- Prompt
Pictures should be left out when the listing below is repeated word for word.

- Raw data
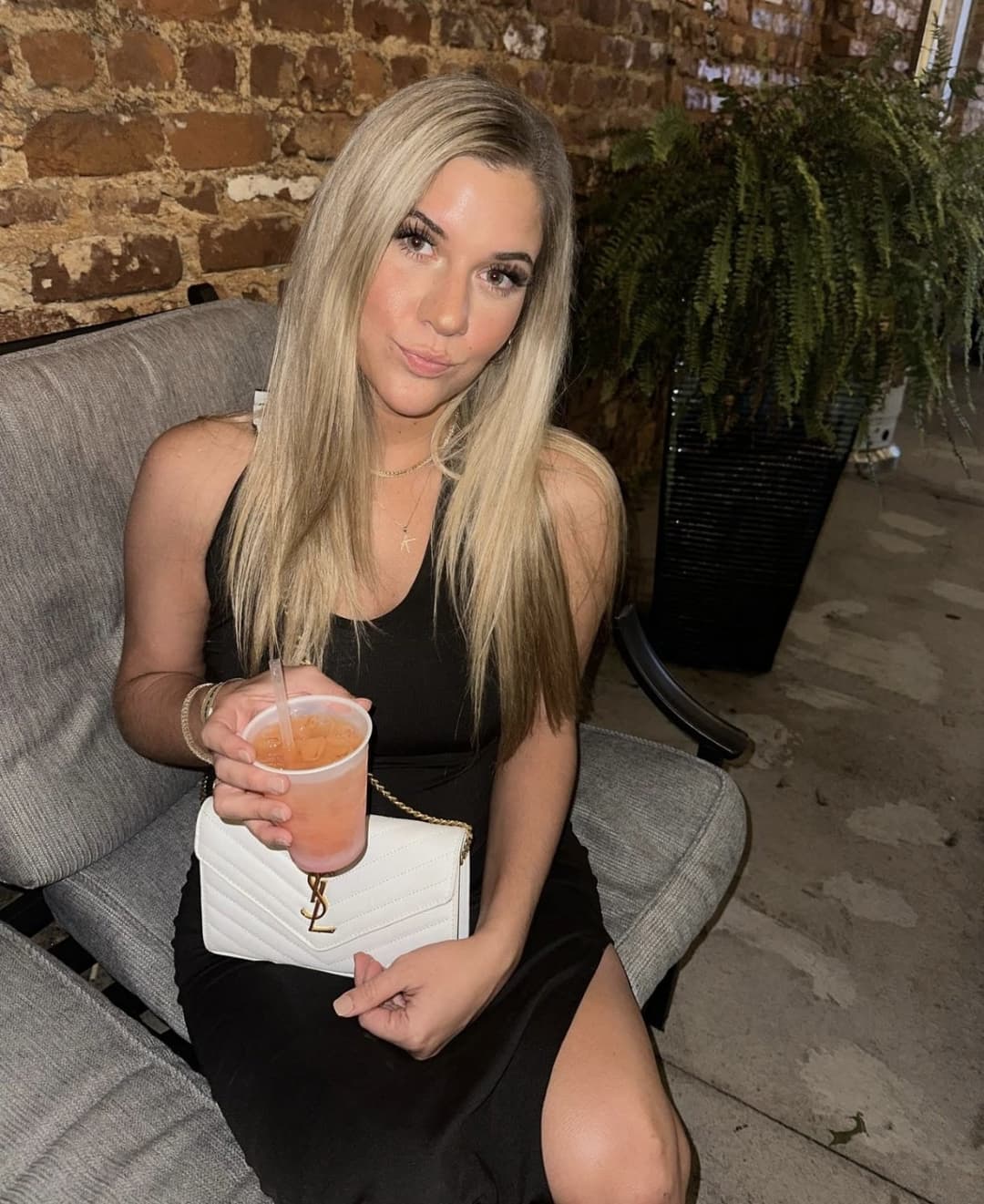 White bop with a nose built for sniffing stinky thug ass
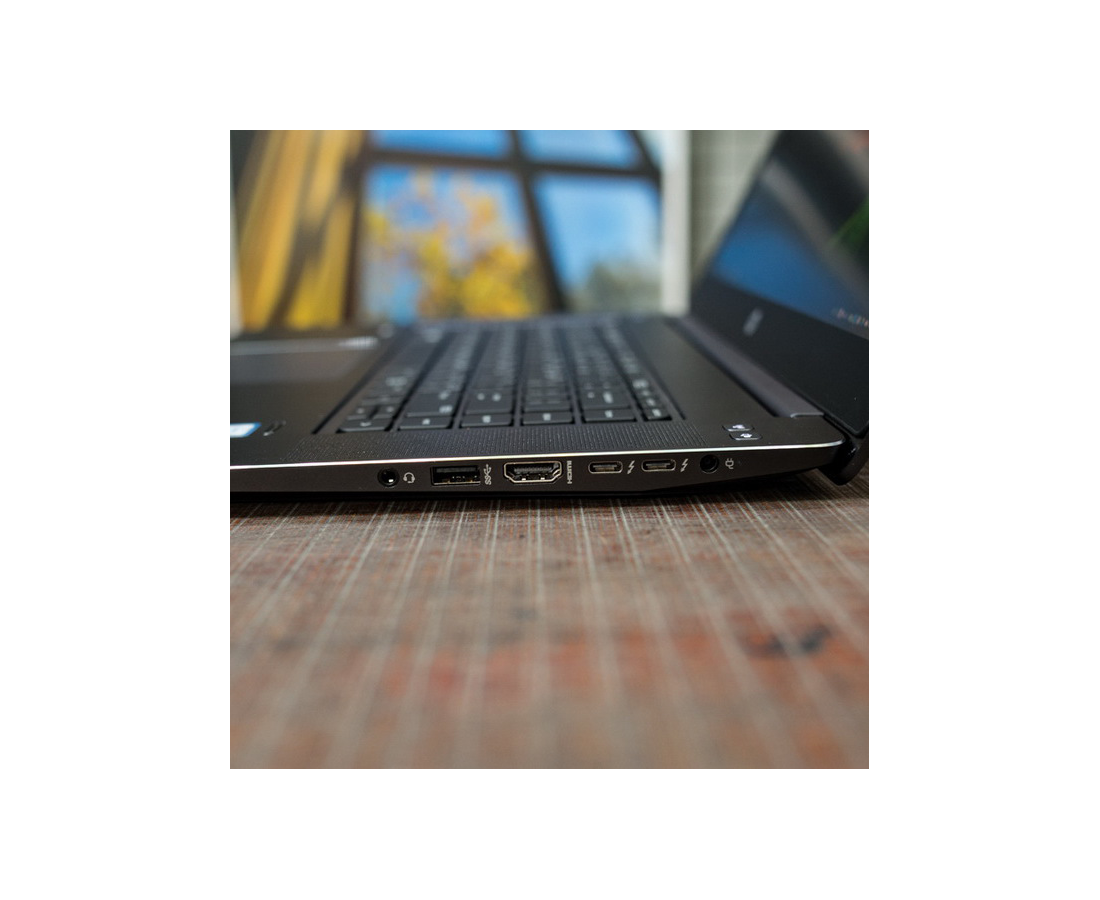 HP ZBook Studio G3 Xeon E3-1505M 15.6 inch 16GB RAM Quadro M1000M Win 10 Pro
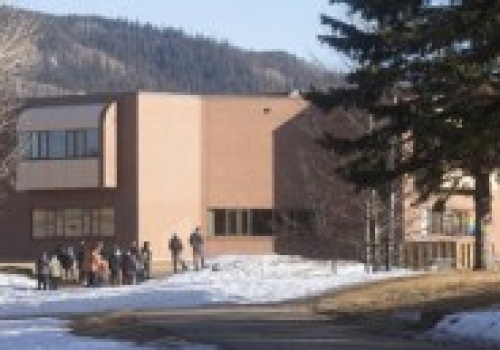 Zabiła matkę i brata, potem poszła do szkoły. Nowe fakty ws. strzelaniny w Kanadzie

- Solution to this problem
 White bop with a nose built for sniffing stinky thug ass
 HP ZBook Studio G3 Xeon E3-1505M 15.6 inch 16GB RAM Quadro M1000M Win 10 Pro
 Zabiła matkę i brata, potem poszła do szkoły. Nowe fakty ws. strzelaniny w Kanadzie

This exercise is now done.